The Girlwoman

Anna Fischer

Many believed her a woman because she had wide, rough palms, a certain firmness of the jaw, and detested the frivolities of childhood. The wise know, however—and the foolish ought to be taught—that belief does not dictate fact, and in reality, factually and unequivocally, she was but a girl of twelve or thirteen. She was sturdy around the middle like a redwood and stumpy about the frame like a honey mushroom and often she was posed mid-act of shooing the neighborhood littles from her property like the sentried arms of a saguaro. But if one deigned a closer look at her close-set eyes, closely set beneath her thick dark brows thickly darkening her expression, an observant observer could certainly ascertain the distant spark of youthful vigor. She was simply a girl consecrated under the holy ground of womanly burden, buried in the hardened flesh of her foremothers. 

Due to the taxing effort of such observation, very few of her acquaintances, simply put, liked her. But that does not mean that she was not loved. There was a sickly inhabitant of the house on the northwest corner of her street who fancied himself a poet.

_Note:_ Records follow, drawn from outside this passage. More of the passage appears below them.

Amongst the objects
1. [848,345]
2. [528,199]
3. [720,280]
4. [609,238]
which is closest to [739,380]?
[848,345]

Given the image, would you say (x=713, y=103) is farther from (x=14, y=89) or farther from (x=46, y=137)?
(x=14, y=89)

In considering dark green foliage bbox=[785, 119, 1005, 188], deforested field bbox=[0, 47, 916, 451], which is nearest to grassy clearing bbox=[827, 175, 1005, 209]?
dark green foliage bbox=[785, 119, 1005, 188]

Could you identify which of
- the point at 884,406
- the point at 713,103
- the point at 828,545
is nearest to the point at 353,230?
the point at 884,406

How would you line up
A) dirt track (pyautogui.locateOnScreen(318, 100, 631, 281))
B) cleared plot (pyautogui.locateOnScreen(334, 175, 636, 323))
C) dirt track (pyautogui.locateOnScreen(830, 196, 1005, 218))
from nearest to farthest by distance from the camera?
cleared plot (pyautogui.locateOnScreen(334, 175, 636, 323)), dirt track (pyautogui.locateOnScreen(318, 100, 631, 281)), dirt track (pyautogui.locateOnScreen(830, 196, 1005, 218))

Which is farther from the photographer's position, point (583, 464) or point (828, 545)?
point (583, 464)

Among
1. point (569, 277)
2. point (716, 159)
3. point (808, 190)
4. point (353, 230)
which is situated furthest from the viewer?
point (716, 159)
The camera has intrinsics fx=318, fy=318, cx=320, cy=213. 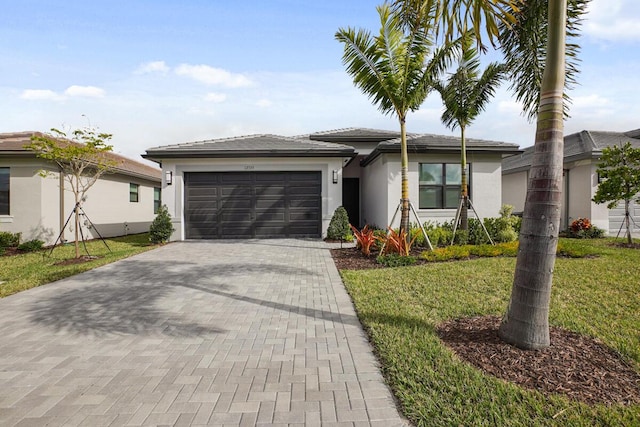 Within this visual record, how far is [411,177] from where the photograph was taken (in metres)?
12.8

Perhaps it was because his frailty prevented him from raunching about with the other boys his age, or because his status as an orphan had ostracized him from his peers; whatever the reason, tragedy was certainly involved, because every sane person knows that no one of their pedigree of sanity yearns to be a poet. Yet, on cool nights when our sickle-shaped poet—back permanently bowed from years of writing during pubescent bone generation—shuffled two hundred yards southeast to deliver a ballad to the girl everyone thought was a woman.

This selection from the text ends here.